MATERIAL FOR THIS TASK below:

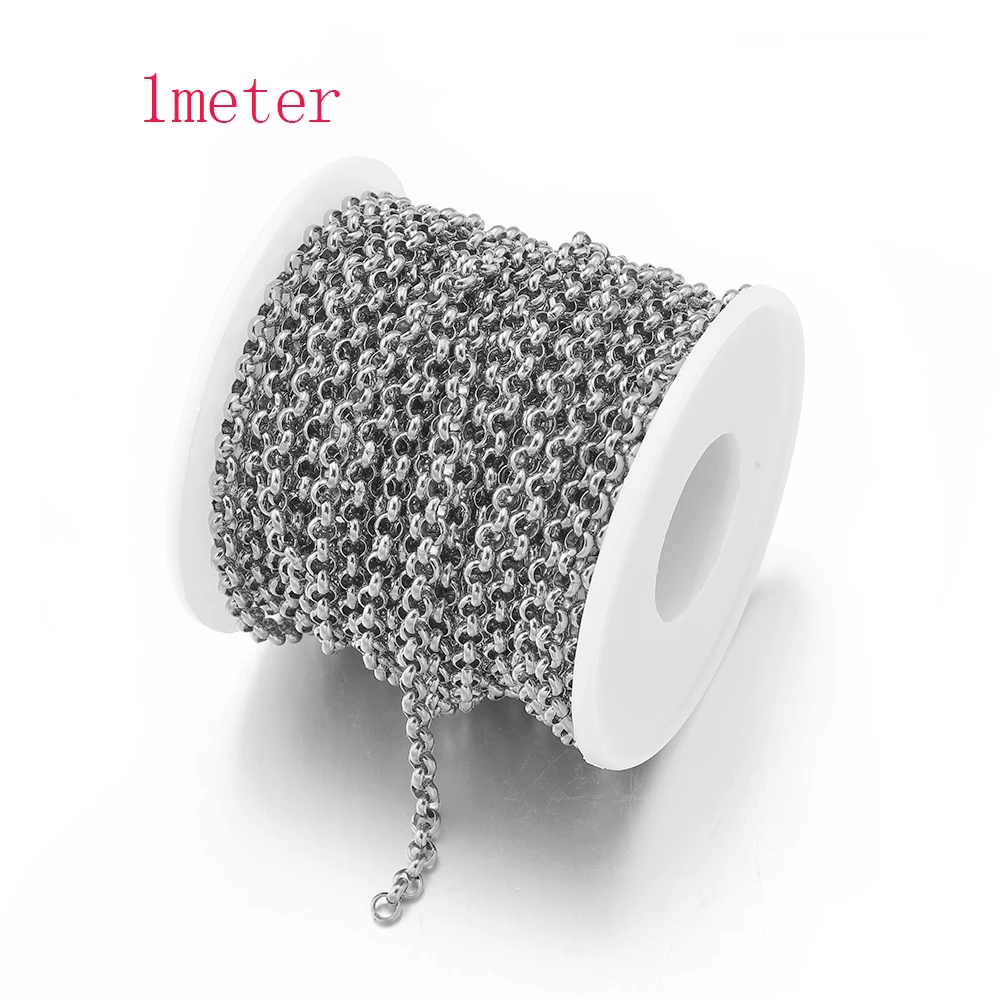 1M/2M Stainless Steel Keel Chains Thick Link Chain for Necklace Bracelet DIY Jewelry Making Handmade Accessories Wholesale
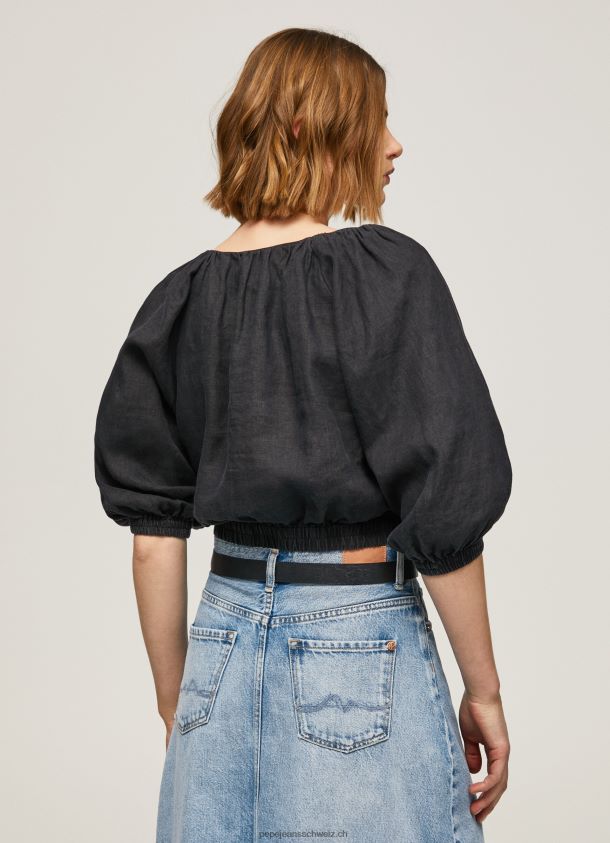 Kurz geschnittenes Oberteil mit V-Ausschnitt Frauen Pepe Jeans Schwarz 84XH6T374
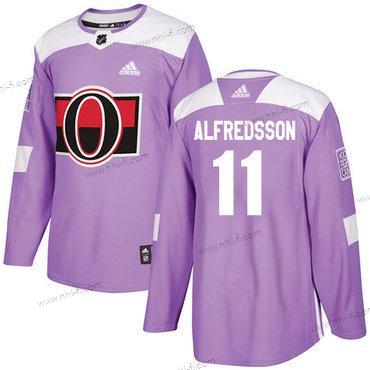 Adidas Ottawa Senators #11 Daniel Alfredsson Violetti Aito Taistelee syöpää vastaan Ommeltu NHL Paita – Miesten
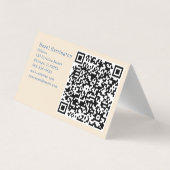 QRコードパステル折り畳み名刺芸術的 名刺 (裏面)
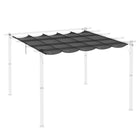 Outsunny - Toile de rechange rétractable pour pergola 8,2 pi L x 8,4 pi l pour structure 10 pi L x 10 pi l (toit uniquement), gris foncé-Les trous pré-découpés rendent l'installation de cette toile de remplacement rapide et facile  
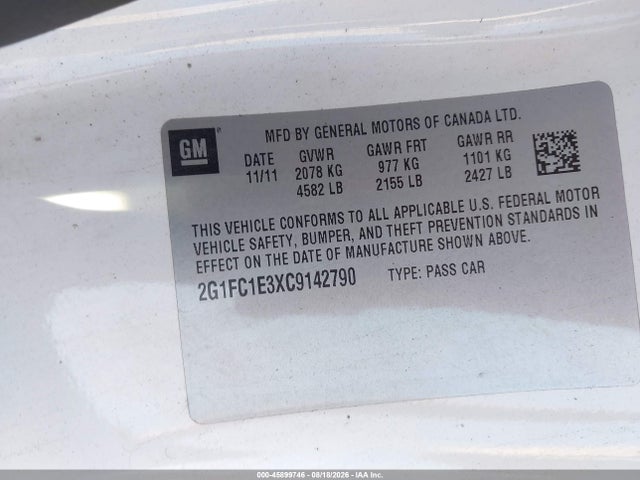 Продажа на аукционе авто 2012 Chevrolet Camaro 2lt, vin: 2G1FC1E3XC9142790, номер лота: 45899746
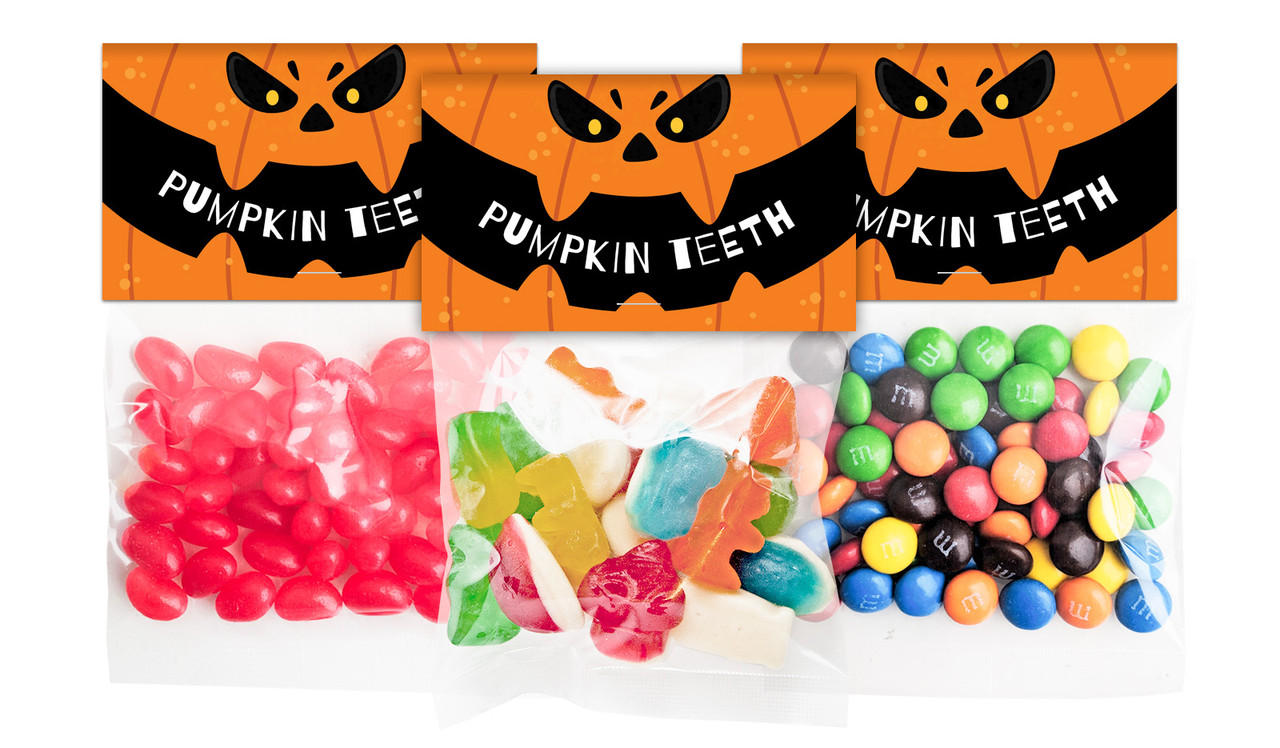 Pumpkin Teeth Personalised Halloween Lolly Bags - Choice Of Fillings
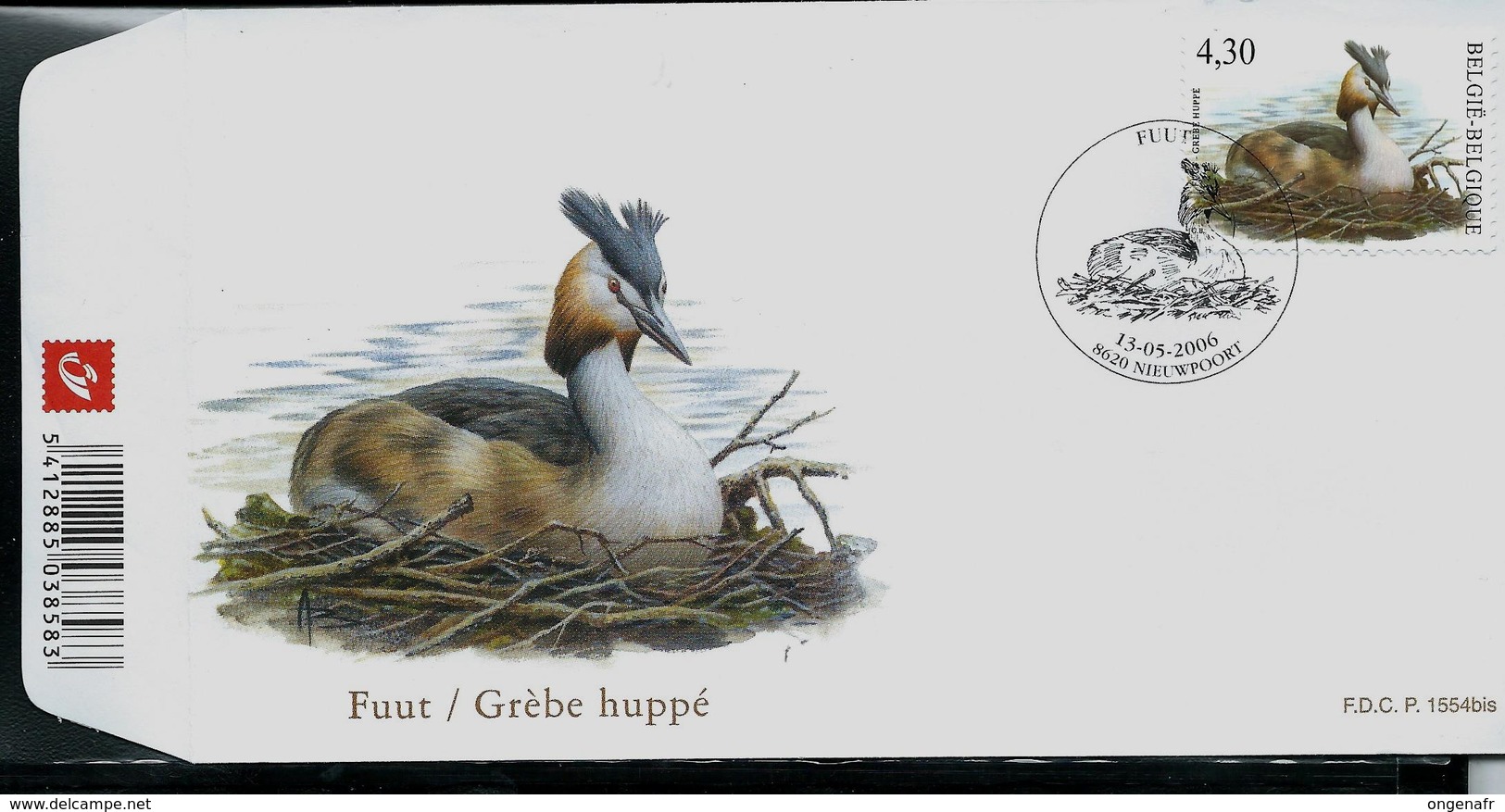 FDC Des N° 3538  Fuut  -  Grèbe Huppé  Obl. Nieuwpoort 13/05/2006 - 1985-.. Pájaros (Buzin)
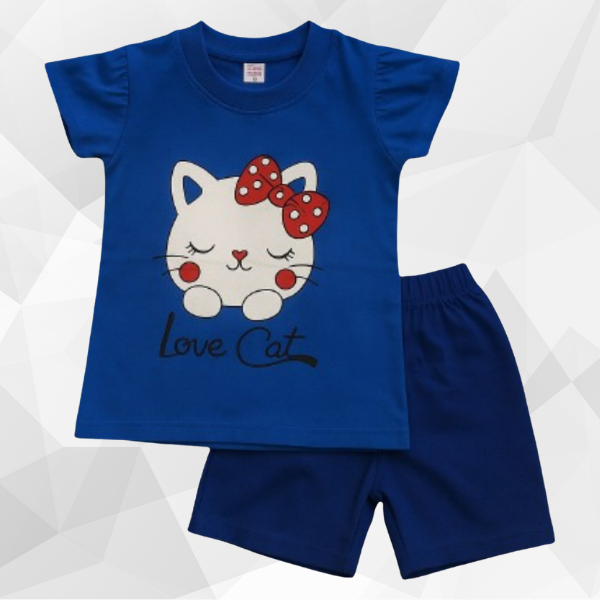 Blue Cat T-Shirt Set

End of MATERIAL FOR THIS TASK.

TO DO
The lines from the one with "Adidas Ottawa Senators" to the end of the data above should be retyped exactly, both ends included, and pictures are to be left out.

TASK OUTPUT
 Adidas Ottawa Senators #11 Daniel Alfredsson Violetti Aito Taistelee syöpää vastaan Ommeltu NHL Paita – Miesten
 QRコードパステル折り畳み名刺芸術的 名刺 (裏面)
 Outsunny - Toile de rechange rétractable pour pergola 8,2 pi L x 8,4 pi l pour structure 10 pi L x 10 pi l (toit uniquement), gris foncé-Les trous pré-découpés rendent l'installation de cette toile de remplacement rapide et facile  
 Продажа на аукционе авто 2012 Chevrolet Camaro 2lt, vin: 2G1FC1E3XC9142790, номер лота: 45899746
 Pumpkin Teeth Personalised Halloween Lolly Bags - Choice Of Fillings
 FDC Des N° 3538  Fuut  -  Grèbe Huppé  Obl. Nieuwpoort 13/05/2006 - 1985-.. Pájaros (Buzin)
 Blue Cat T-Shirt Set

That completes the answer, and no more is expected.